Children Over 21 Years Old
Children over 21 qualify under the first preference category. Children in this category must wait until a visa becomes available before they can enter the United States as a permanent resident. The State Department’s Visa Bulletin shows the wait for visas for each of the preference categories.
An adopted child qualifies as long as the adoption was finalized before the child's 16th birthday. The adoptive parents must have legal custody of the child for two years before or after the adoption. The child must reside with the adoptive parents for two years before or after the adoption.
A step-child qualifies as a child, if the marriage occurred before the step-child's 18th birthday.
If the child is already in the United States in another nonimmigrant status, the U.S. citizen parent can file an immigrant petition and an application to adjust status at the same time. Once the petition and application are approved, the child is a permanent resident of the United States.

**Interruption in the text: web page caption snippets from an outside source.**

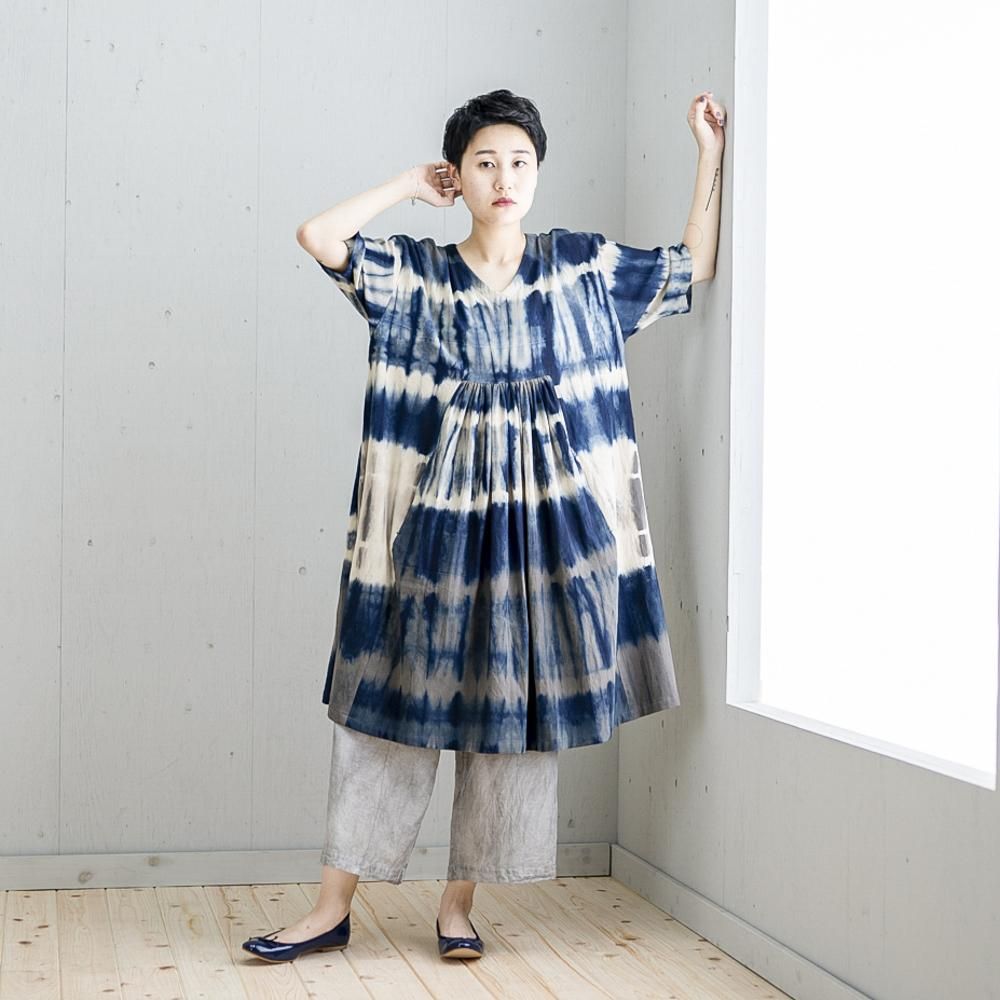 着物リメイク 正絹 大島染 青色葉柄 ヨーク切り替えギャザーワンピース 着物リメイク 正絹 大島染 青色葉柄 ヨーク切り替えギャザーワンピース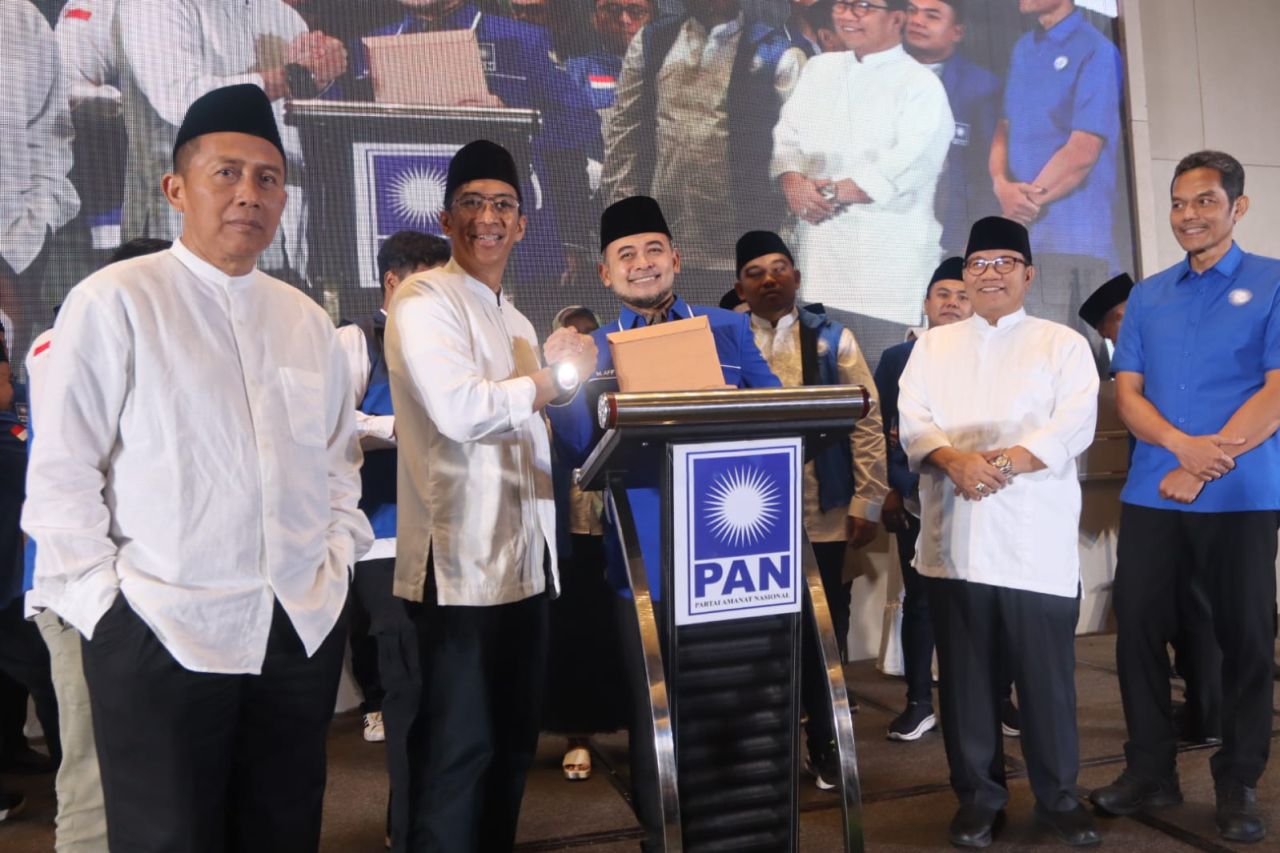 PAN Serahkan SK Kepengurusan 27 Daerah di Jatim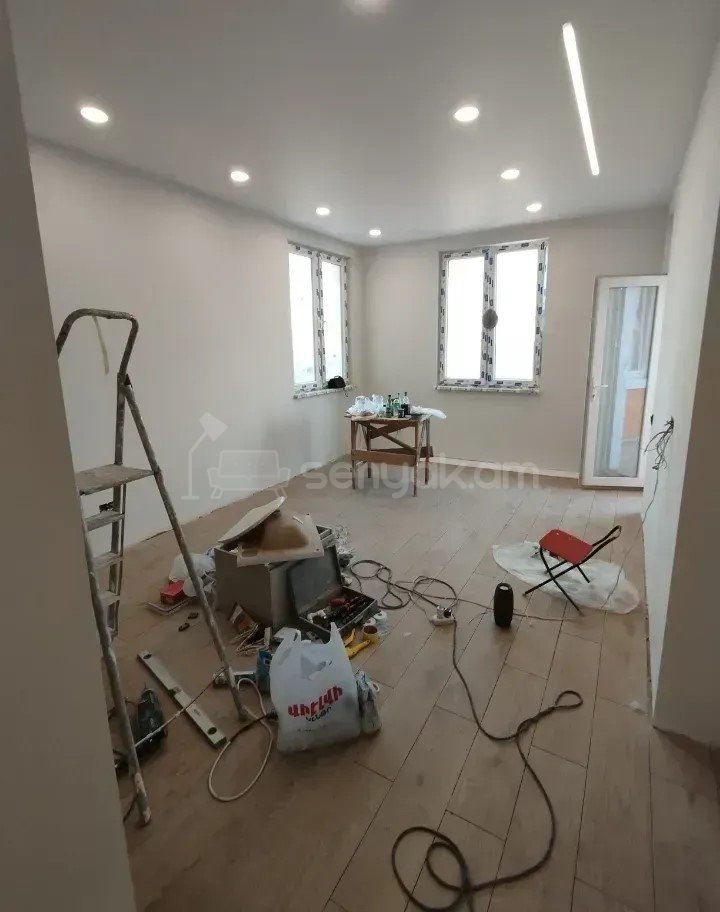 2 Սենյականոց Բնակարան Նորակառույցում, 52քմ, 5/14 հարկ, Կապիտալ Վերանորոգված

If the child is outside of the United States, the U.S. citizen must file an immigrant petition with the U.S. Citizenship and Immigration Services (USCIS). The petition should request that the USCIS notify a U.S. Consulate in the country where the child lives. If the child is over 21 years old or married, the child must wait until a visa becomes available. The State Department’s National Visa Center then sends a series of forms called a “Packet 3.” After the necessary forms are completed, the child goes to the U.S. Consulate to apply for an immigrant visa. The child is a permanent resident when he or she enters the United States with the immigrant visa.
Immediate family members of a child of a U.S. citizen may be eligible to immigrate to the United States. If the child of a U.S. citizen is married, the spouse is eligible to accompany their wife or husband in immigrating to the United States. If the child of a U.S. citizen has children of their own, those children may immigrate with their parent if their parent is either married or over 21. These categories are subject to numerical limits, which are described in the Visa Bulletin.